- Born: 12 November 1992 (age 33) Hammersmith, London, England
- Education: Mountview Academy of Theatre Arts
- Years active: 2015–present

= Hiba Elchikhe =

Actress

Hiba Amina A. Elchikhe (born 12 November 1992) is an English actress. She is known for her work in theatre.

==Early life==
Elchikhe was born in Hammersmith, West London and is of Moroccan and Egyptian descent. She speaks four languages. She attended the BRIT School at age 16 and went on to graduate from the Mountview Academy of Theatre Arts with a Bachelor of Arts (BA) in Musical Theatre.

==Career==
Elchikhe made her professional stage debut with an understudy role on the 2015 Asia tour of Ghost and gained prominence through her lead role as Jasmine on the 2017 Australia tour of Aladdin. In 2018, she made her London stage debut in Antony and Cleopatra at the National Theatre and originated the role of Selma Karamy in Broken Wings for its concept album and at the Theatre Royal Haymarket.

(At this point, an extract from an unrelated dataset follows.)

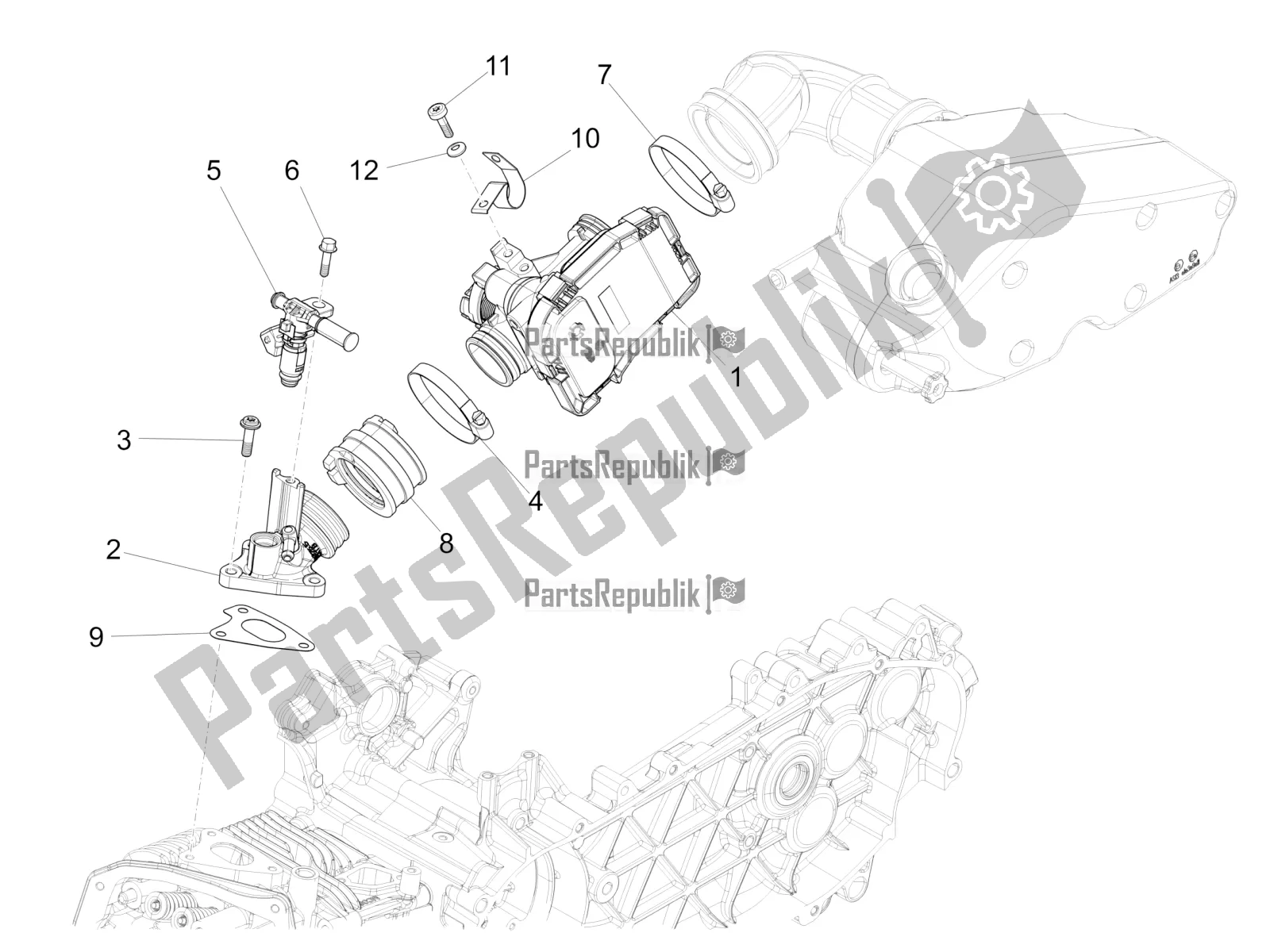 Toutes les pièces pour le Throttle Body - Injector - Induction Joint du Vespa 946 150 4 STR / Red 2021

In 2019, Elchikhe starred in the titular role of Brooklyn for its UK premiere at Greenwich Theatre. She also appeared in Fiver at Southwark Playhouse.

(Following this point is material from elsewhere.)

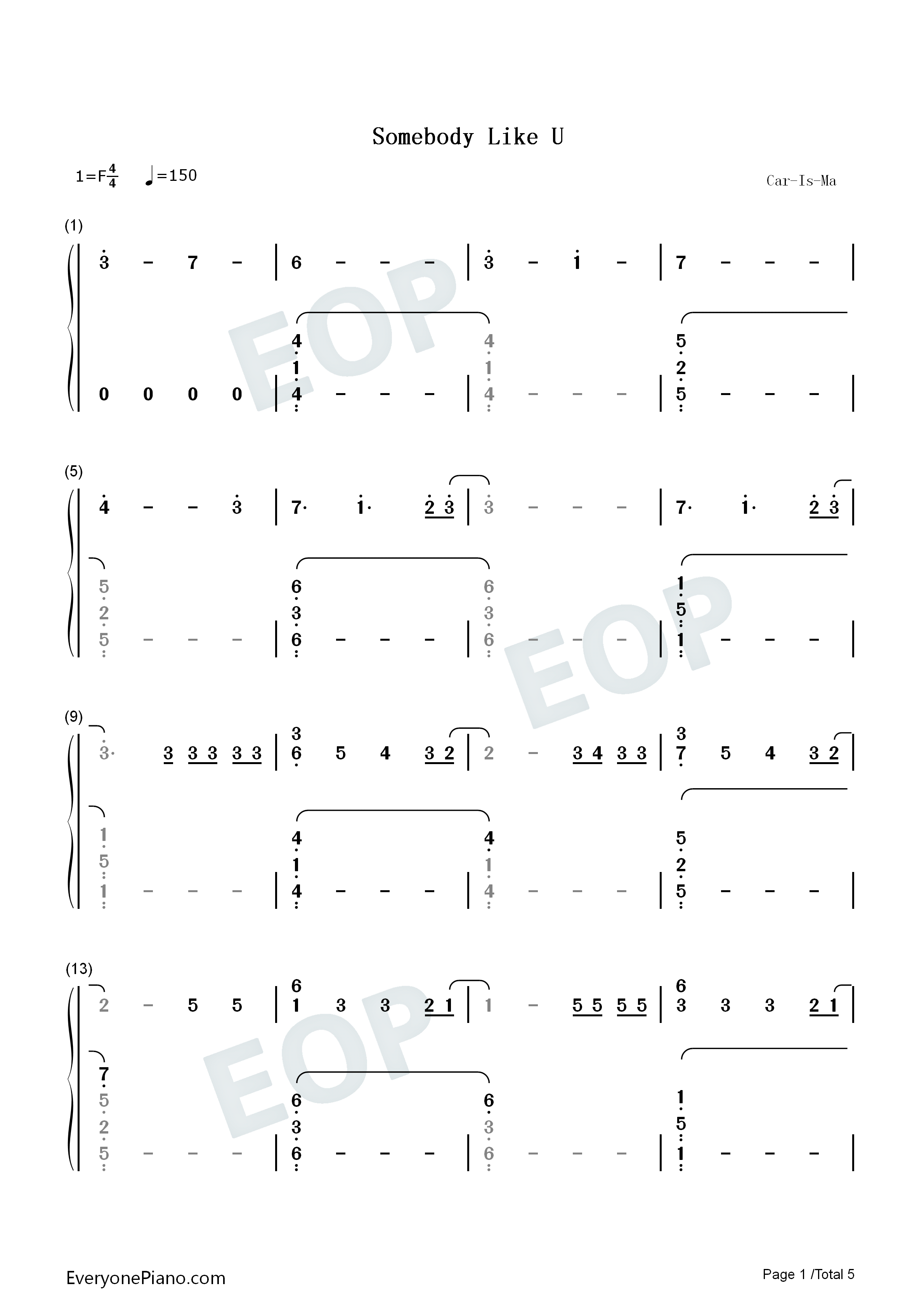 Somebody_Like_U钢琴简谱_Alan_Walker_Au/Ra演唱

Having originally been cast in 2020, Elchikhe assumed the role of Pritti Pasha in Everybody's Talking About Jamie at the Apollo Theatre on the West End and the Ahmanson Theatre in Los Angeles. In the meantime during lockdown, Elchikhe created an online theatre-themed web series titled Out of the Darkness, Into the Spotlight in collaboration with Nimax and the Theatre Café. She also appeared in Well-Behaved Women at Cadogan Hall.

In 2022, Elchikhe returned to Southwark Playhouse for Lift, appeared in the Off West End run off Millennials at the Other Palace, and originated the role of Charisse in The Time Traveller's Wife at Storyhouse, a role she would reprise on the West End at the Apollo in 2023. Elchikhe and fellow The Time Traveller's Wife star Tim Mahendran announced the 24th WhatsOnStage Award nominations.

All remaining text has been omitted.